An altitude of a triangle is five-thirds thelength of its corresponding base. If the altitude be increased by 4 cm and the base decreased by 2 cm, the area of the triangle remains the same. Find the base and the altitude of the triangle.

Solution:

Let the length of the base of the triangle be $\mathrm{x} \mathrm{cm}$.

Then, its altitude will be $\frac{5}{3} x \mathrm{~cm}$.

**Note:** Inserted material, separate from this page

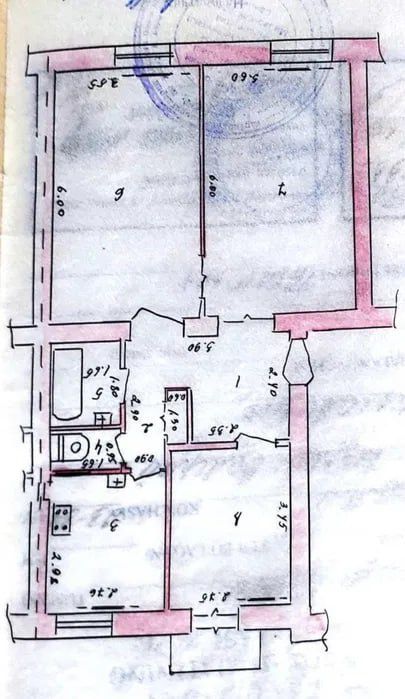 Квартира на Новомосковская 3/3/4 общ пл 75м  Высокопотолочка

Area of the triangle $=\frac{1}{2}(x)\left(\frac{5}{3} x\right)=\frac{5}{6} x^{2}$

$\therefore \frac{1}{2}(x-2)\left(\frac{5}{3} x+4\right)=\frac{5}{6} x^{2}$

$\Rightarrow\left(\frac{x-2}{2}\right)\left(\frac{5 x+12}{3}\right)=\frac{5 x^{2}}{6}$

$\Rightarrow \frac{(x-2)(5 x+12)}{6}=\frac{5 x^{2}}{6}$

$\Rightarrow \frac{5 x^{2}+12 x-10 x-24}{6}=\frac{5 x^{2}}{6}$

$\Rightarrow 5 x^{2}+2 x-24=5 x^{2} \quad$ (cancelling the denominators from both the sides since they are same)

$\Rightarrow 5 x^{2}-5 x^{2}+2 x=24$

$\Rightarrow 2 x=24$

$\Rightarrow x=\frac{24}{2}=12 m$

Therefore, the base of the triangle is $12 \mathrm{~m}$.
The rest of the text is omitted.